Prosecutors had earlier accused Maria Butina, a gun rights activist in U.S. custody on charges she worked as a covert agent and tried to establish back-channel lines of communication to the Kremlin, of offering to exchange sex for a position with a special interest organization.
The salacious allegation, which immediately escalated the public interest in the case, was based on a series of text messages to and from Butina and other information that prosecutors say they had obtained.
But in a new court filing late Friday, prosecutors said they misinterpreted the messages. They said "even granting that the government's understanding of this particular text conversation was mistaken," there is other evidence to support keeping Butina in custody as the case against her moves forward in Washington.
Butina, 29, was arrested in July and accused of gathering intelligence on American officials and political organizations.

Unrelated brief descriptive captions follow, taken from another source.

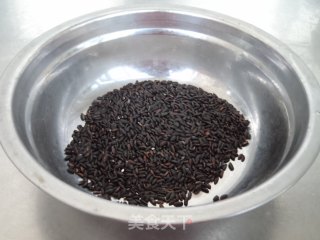 山药莲子黑米粥的做法步骤：2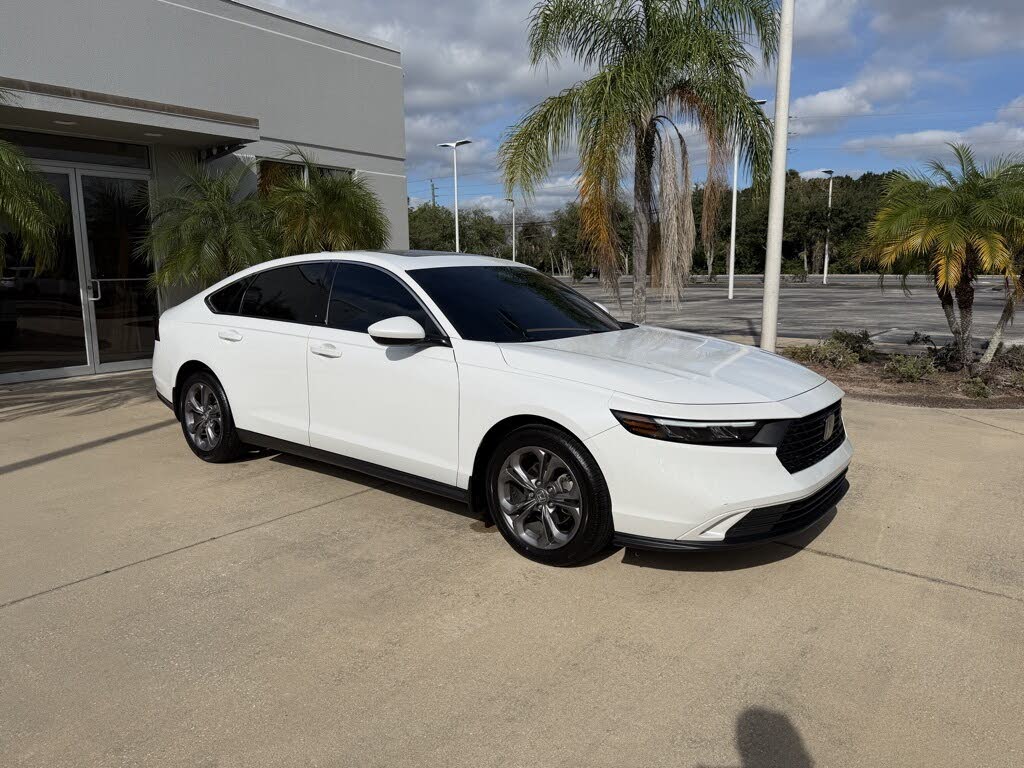 2024 Honda Accord EX FWD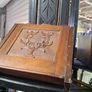 Carved Mahogany Coal Scuttle Image 3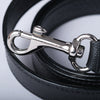 Secondhand Saint Laurent Black Leather Small Museum Flat Briefcase -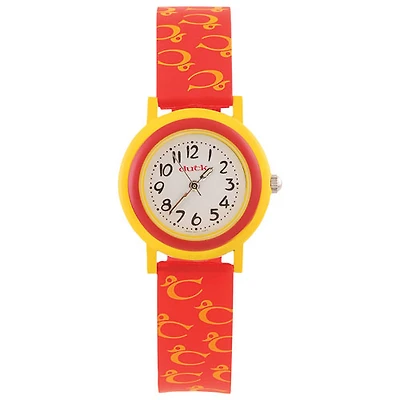 Montre sport analogique pour enfants de Duck - Rouge (63720)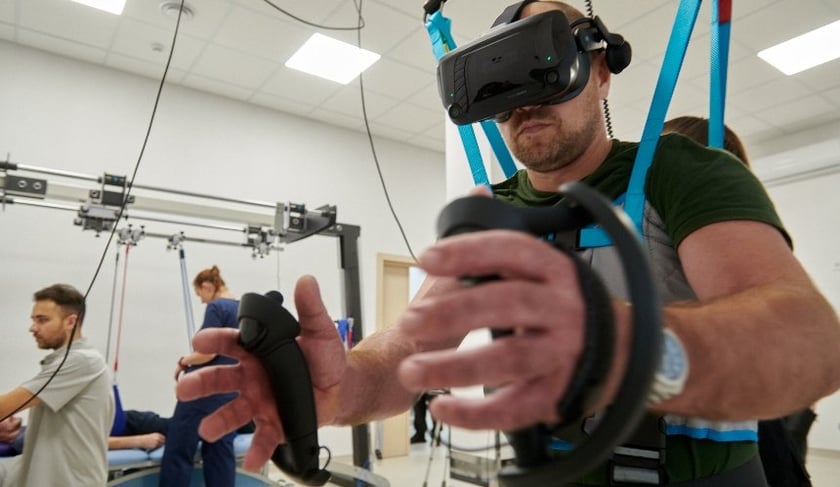 У Києві відкрили реабілітаційний центр для військових та рятувальників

Prosecutors say she used her contacts with the National Rifle Association and the National Prayer Breakfast to develop relationships with U.S. politicians and gather information for Russia. They also say she used her role as a student at American University in Washington as a cover for her activities.
The case is being handled by the U.S. attorney for the District of Columbia and not by special counsel Robert Mueller, who has been leading an investigation into possible coordination between Russia and Donald Trump's Republican presidential campaign as well as Russian interference in the 2016 US election. The filing came ahead of a status hearing in her case scheduled for Monday.
Butina's lawyer, Robert Driscoll, had strongly denied the accusation and said the government had relied on an "innocuous" 3-year-old text message exchange between Butina and a longtime friend, assistant and public relations professional for a gun rights group that she had founded.